Title: Plasma tumor-specific DNA as a biomarker for glioma
Principal Investigator: Kyle D. Weaver, M.D.
Recent advances in brain tumor research suggest the imminent development of effective treatments. Unfortunately, our ability to safely and accurately diagnose brain tumors and evaluate treatment response lags behind. It is imperative that these diagnostic deficiencies be corrected in concert with treatment advances.
It is well known that many cancers secrete their genetic material (DNA) into the blood. This DNA carries a unique tumor “fingerprint” and is not found a healthy person’s blood. It can be used to estimate amount of tumor, assess treatment response, and predict survival in some cancers, and only requires a blood draw, but has not been evaluated in brain tumors. We have demonstrated that brain tumors shed their unique DNA into the blood just as other tumors do.
We plan to develop this tumor-specific DNA in the blood into a biomarker to assist with the diagnosis of tumors and assess the response to therapy. To do so, we will identify patients needing an operation to remove a brain tumor. A piece of tumor will be removed for genetic fingerprinting and a blood sample taken to determine if it contains brain tumor DNA also.
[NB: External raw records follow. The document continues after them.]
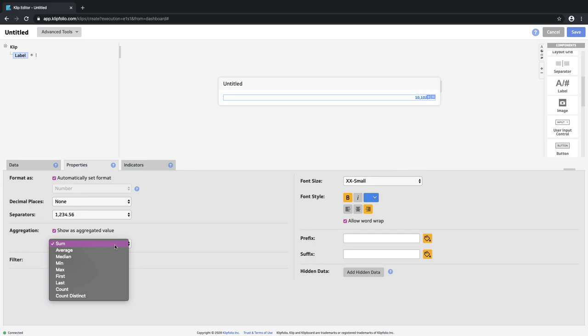I have the option to aggregate it as an average, median, I can count the different rows of data. Sum is the default choice with numerical data and that's often what I would have wanted to do, so we're going to leave it like that.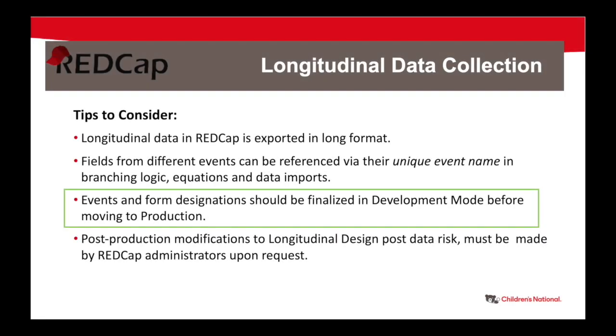Events and form designations should be finalized in development mode before moving to production. Make sure you finalize the timeline and frequency of your data collection. You can consult your IRB-approved protocol, your data analysis plan, or your standard operating procedures when creating your longitudinal setup.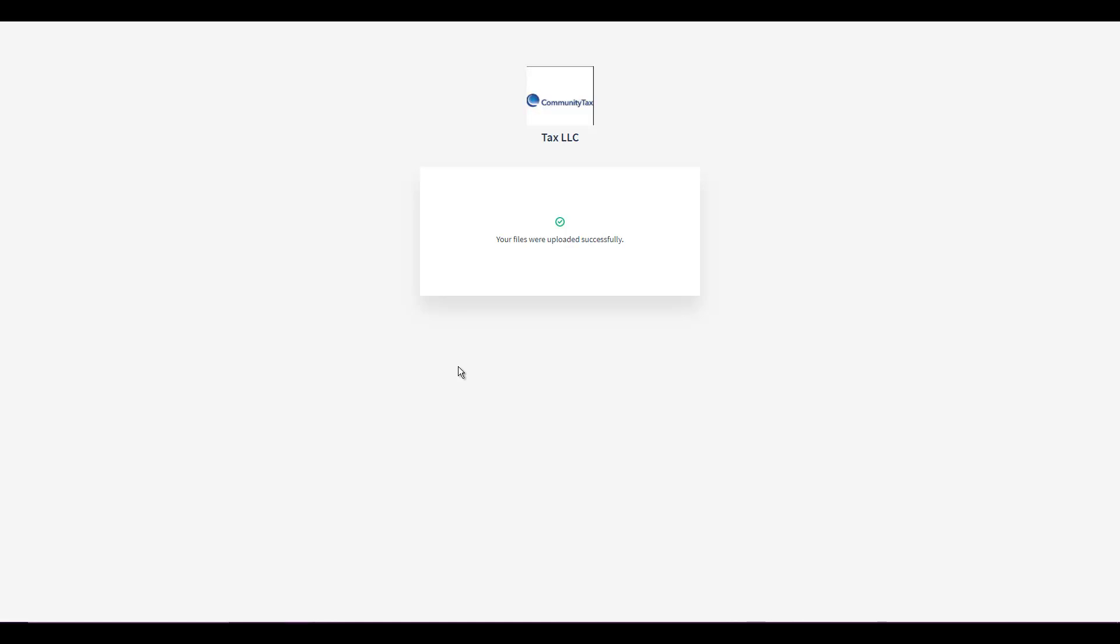And that's it everyone. That's how you request documents from clients who don't have access to the portal. Thank you so much for joining me today. Have a wonderful rest of your day.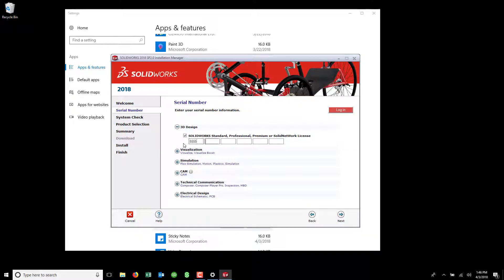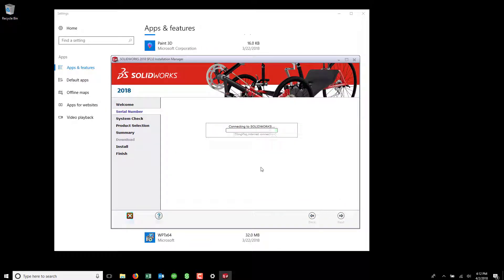Now, just simply punch in your license. If you have other products besides 3D Design, you'll need to expand those categories and enter those licenses. Hit Next again.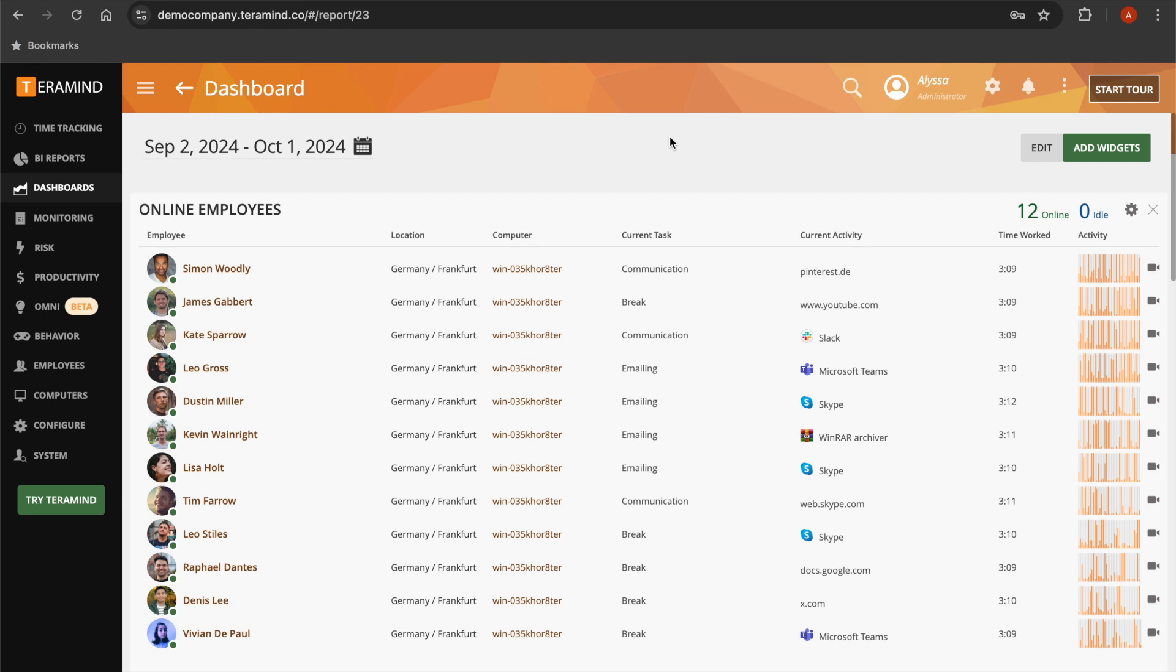Gain insights into your workforce and learn how to boost your employees' productivity with TerraMind, the number one rated employee monitoring solution on the market.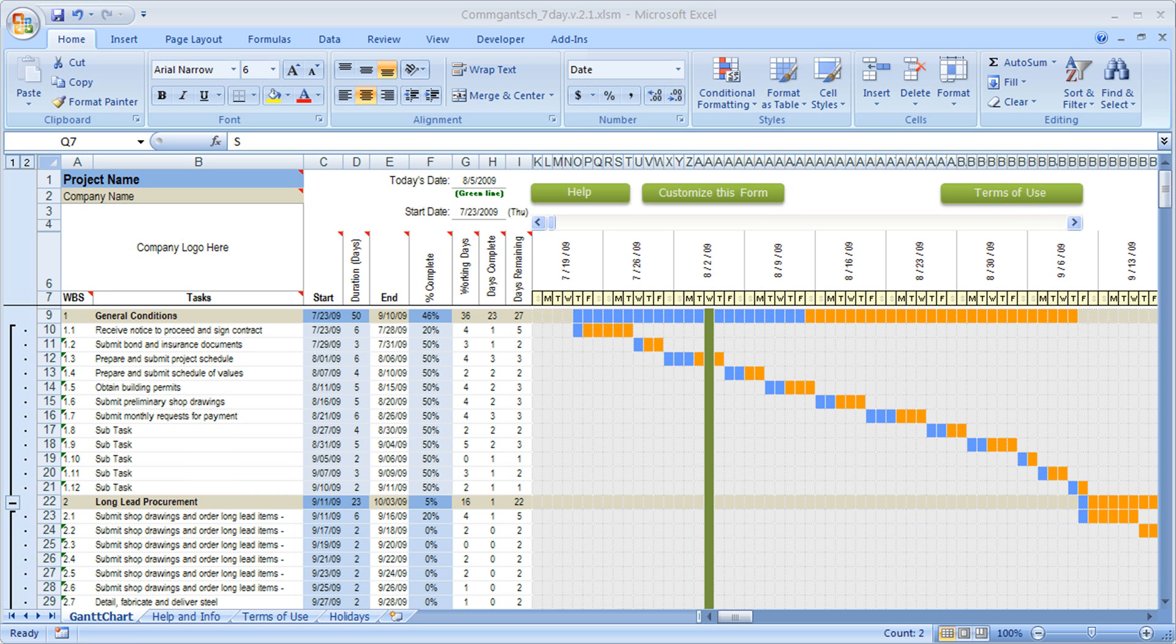Hi, this is Peter with Construction Office Online. I'm going to review our brand new seven-day schedule for you.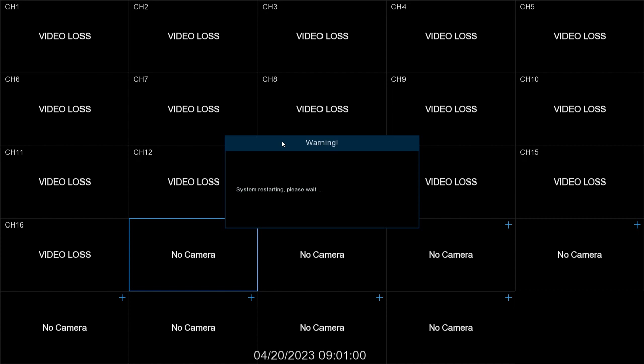You can go in and change each of those channels singularly so it stays in a hybrid state, but if you want it in a full NVR mode, this is where you change it.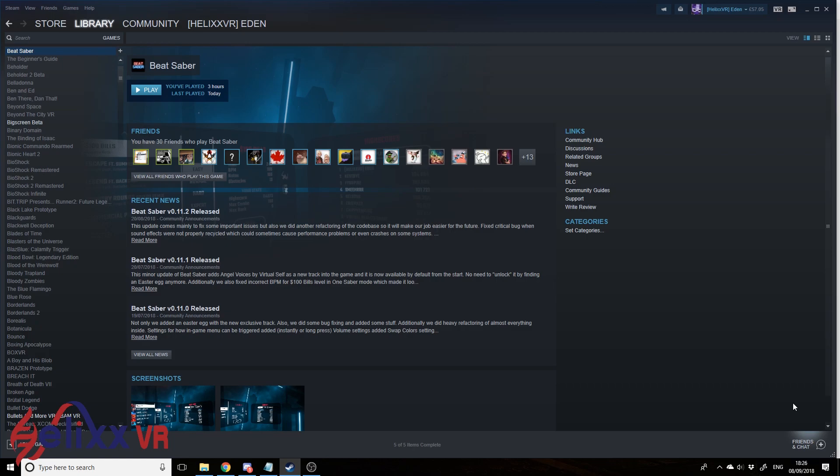Hello, this is Eden from HelixVR, out with another Beat Saber mod guide. We've had a couple inquiries on how to install the custom platforms. So luckily, it's really simple.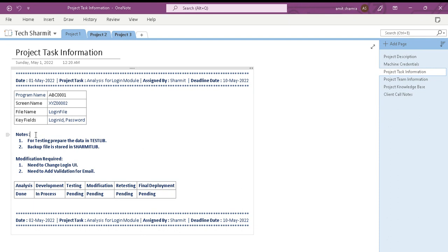Below that, I have created one table that keeps information of all the objects I'm going to use for that particular task. Below that, I add notes for my task and any modifications required — if there are modifications required, I keep them as bullet points in my notes. I usually break down my entire project into phases: analysis, development, testing, modification, retesting, and final deployment, with statuses like Done, In Process, or Pending.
If so, the patient will be followed with MRI scans and blood draws. The type and amount of brain tumor DNA in the blood will be correlated with the patient’s clinical condition, amount of tumor on MRI, and survival. This will allow the development of a new, genetic test to better care for brain tumor patients and precisely guide their treatment.
Title: Cellular Therapies for Malignant Gliomas
Principal Investigator: Moneeb Ehtesham, M.D.
Our research focuses on the development of effective cell-based strategies to treat malignant brain tumors. High grade gliomas, the most common primary brain tumors, are characterized by their highly infiltrative nature and often recur despite aggressive resection of the primary tumor mass with adjunct radio- and chemotherapy. Our work focuses on developing the use of progenitors and immune cells as tools to track down and specifically target infiltrative glioma cells in the brain. The goal of this laboratory is to develop these experimental approaches into translationally relevant treatment paradigms. We are also interested in elucidating chemokine signaling mechanisms that govern the migratory capacity of glioma cells as well as neural progenitors in the brain. Furthermore, our group also seeks to investigate signaling mechanisms that may govern aberrant progenitor cell proliferation in the context of gliomagenesis.